Tentarei ser simples, mas não me peçam para ser imparcial, pois esta também é um pouco da minha história. Um pouco daquilo que pode ser feito com a reunião de pessoas…

Exatamente no dia 13 de setembro de 1993, portanto há vinte anos, o prefeito da época – Bernardo Ortiz entregava a chave da Casa do Figureiro as irmãs Edith, Luiza e Cândida. A história dos figureiros no entanto não começava aí. A memória resgata nomes do início do sec. XIX como herança da tradição católica de se armar presépios.
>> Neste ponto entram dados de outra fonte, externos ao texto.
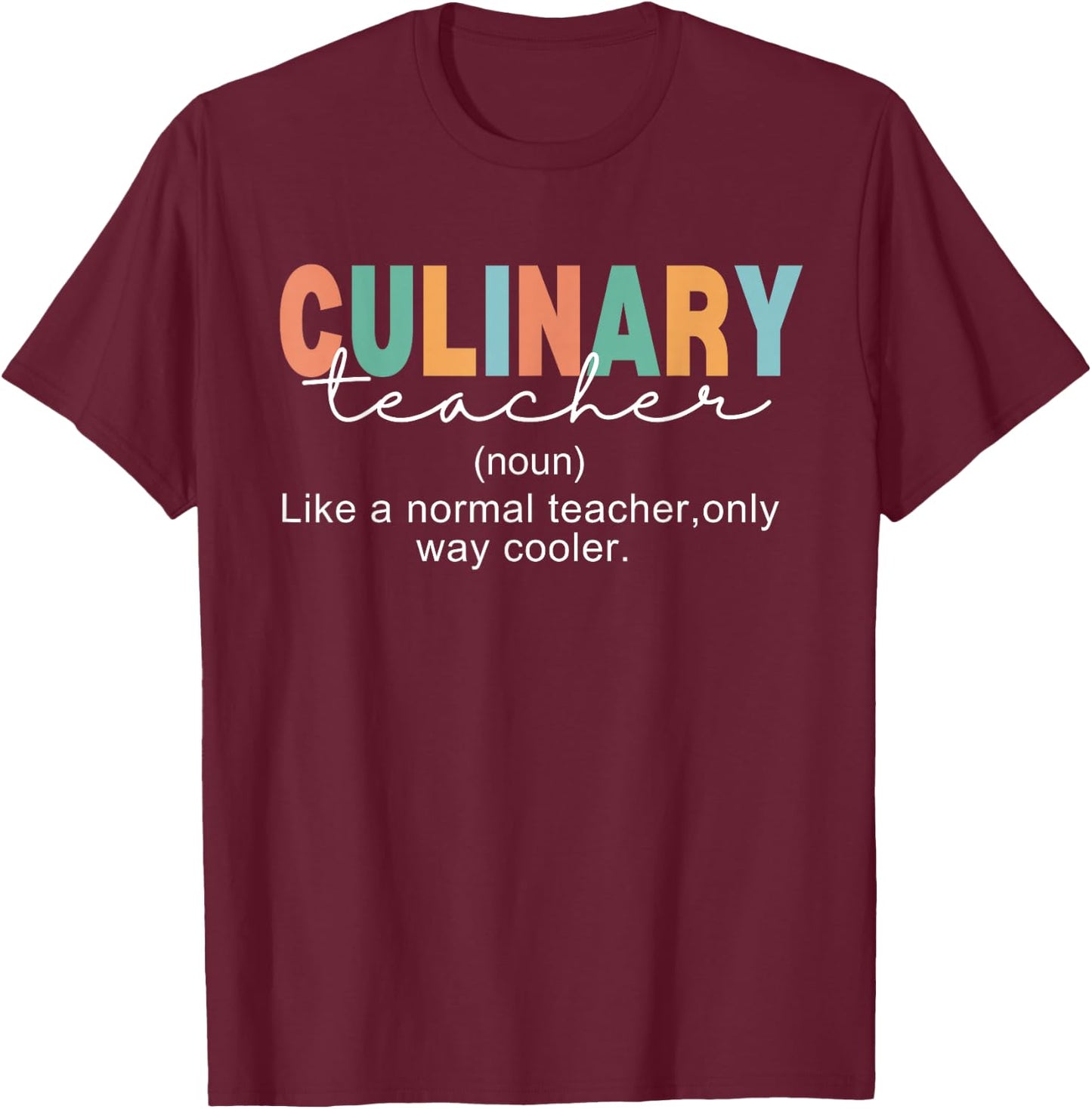 Culinary Teacher Definition Normal Only Cooler Cook T-Shirt - T-Shirt | Maroon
Tendo como matéria prima a argila, de fácil localização nas margens do Rio Itaim, a arte se manifestou naturalmente, havendo historiadores que afirmam terem sidos os freis do Convento Santa Clara os introdutores desta prática, mas não há nem por parte deles tal posição.

De azul D.Candida criadora do pavão-simbolo do artesanato paulista, de rosa D. Luiza 1ª presidente da casa, criadora da festa do folclore.
De azul D.Candida criadora do pavão-simbolo do artesanato paulista, de rosa D. Luiza 1ª presidente da casa, criadora da festa do folclore. (Arquivo pessoal)

A partir dos anos de 1930, ressurge no Brasil e em nosso estado, por parte de Mário de Andrade, um gosto pelas tradições populares. Os figureiros conhecem importantes pesquisadores. Entre eles – Rossine Tavares de Lima. Estes passaram a frequentar as casas dos artistas na Rua Imaculada com inúmeros estudantes e turistas. Assim um local que pudesse abrigar todos os figureiros em oficina e loja não foi iniciativa do Estado e sim das artesãs Luiza e Anita, tendo como principal argumento a possibilidade de receber um público de maneira confortável.

Há vinte anos instalava-se a associação Casa do Figureiro Maria da Conçeição Frutuoso Barbosa. A patrona foi um consenso entre os figureiros. Esta senhora, que veio do Rio Grande do Norte ainda menina com a família, passou a morar no então bairro  Itapecirica. Muito religiosa, vestia hábito que também disfarçava a deformidade das mãos. Frequentando o Convento de Santa Clara  deparou-se certa vez com uma santa quebrada de terracota, tratava-se de uma antiga imagem de N.Sra Imaculada da Conçeição. Esta foi trazida ao bairro e restaurada pacientemente por esta senhora. Além de dar novo nome à região, a imagem e a capela agiram como polo irradiador da identidade popular, artística e religiosa desta população.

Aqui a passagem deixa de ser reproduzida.